This series starts with some cleanup of existing mmap_prepare logic, then
adds documentation for the mmap_prepare call to make it easier for
filesystem and driver writers to understand how it works.
It then importantly adds a vm_ops->mapped hook, a key feature that was
missing from mmap_prepare previously - this is invoked when a driver which
specifies mmap_prepare has successfully been mapped but not merged with
another VMA.
mmap_prepare is invoked prior to a merge being attempted, so you cannot
manipulate state such as reference counts as if it were a new mapping.
The vm_ops->mapped hook allows a driver to perform tasks required at this
stage, and provides symmetry against subsequent vm_ops->open,close calls.
The series uses this to correct the afs implementation which wrongly
manipulated reference count at mmap_prepare time.

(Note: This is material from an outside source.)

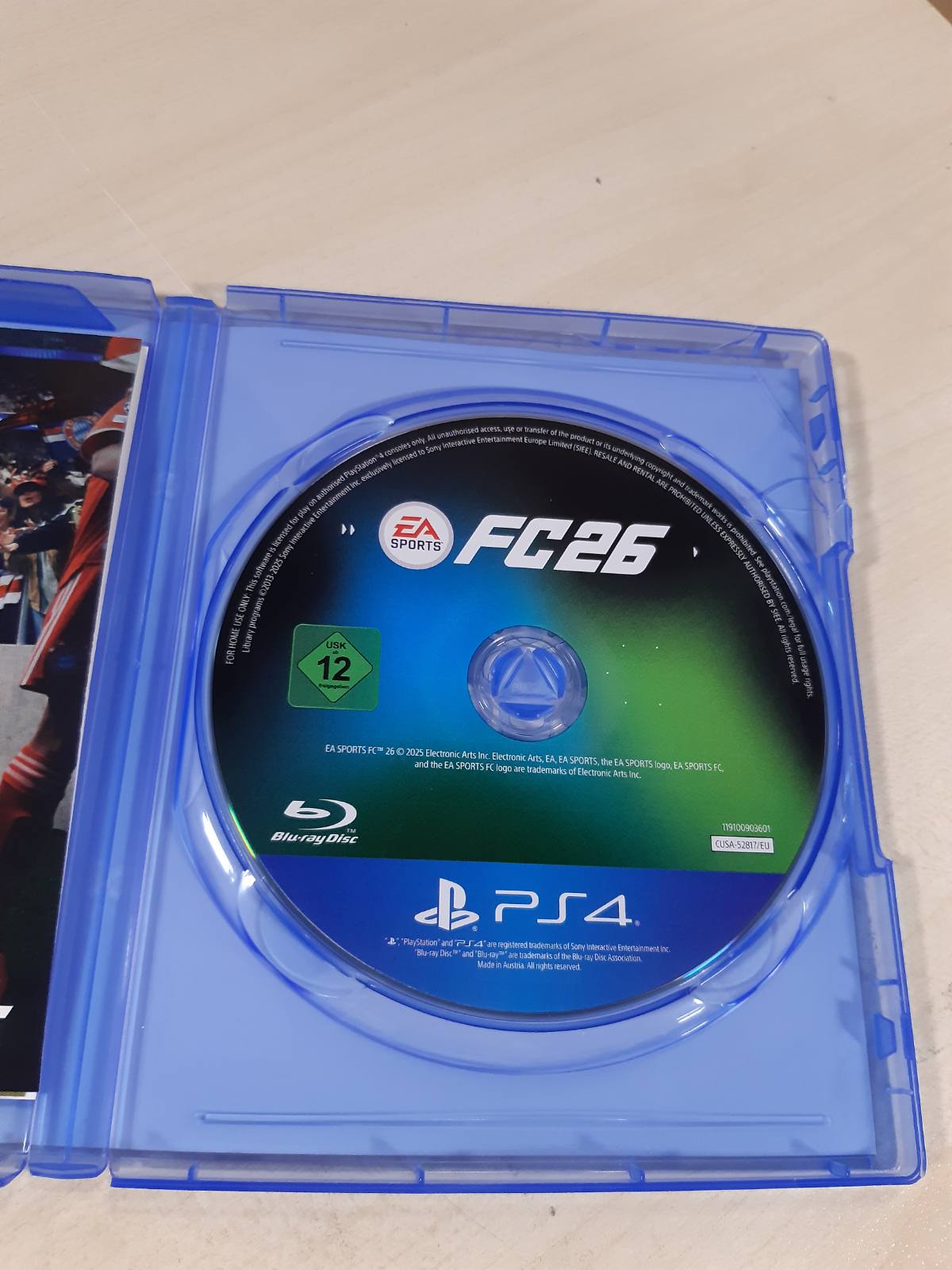 266145 - EA SPORTS FC 26 Edicioni Standard PS4 | Gjermanisht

It then adds an mmap_prepare equivalent of vm_iomap_memory() -
mmap_action_simple_ioremap(), then uses this to update a number of drivers.
It then splits out the mmap_prepare compatibility layer (which allows for
invocation of mmap_prepare hooks in an mmap() hook) in such a way as to
allow for more incremental implementation of mmap_prepare hooks.
It then uses this to extend mmap_prepare usage in drivers.
Finally it adds an mmap_prepare equivalent of vm_map_pages(), which lays
the foundation for future work which will extend mmap_prepare to DMA
coherent mappings.
v3:
* Propagated tags (thanks Suren, Richard!)
* Updated 12/16 to correctly clear the vm_area_desc data structure in
set_desc_from_vma() as per Joshua Hahn (thanks! :)
* Fixed type in 12/16 as per Suren (cheers!)
* Fixed up 6/16 to use mmap_action_ioremap_full() in simple_ioremap_prepare() as
suggested by Suren.
* Also fixed up 6/16 to call io_remap_pfn_range_prepare() direct rather than
mmap_action_prepare() as per Suren.
* Also fixed up 6/16 to pass vm_len rather than vm_[start, end] to
__simple_ioremap_prep() as per Suren (thanks for all the above! :)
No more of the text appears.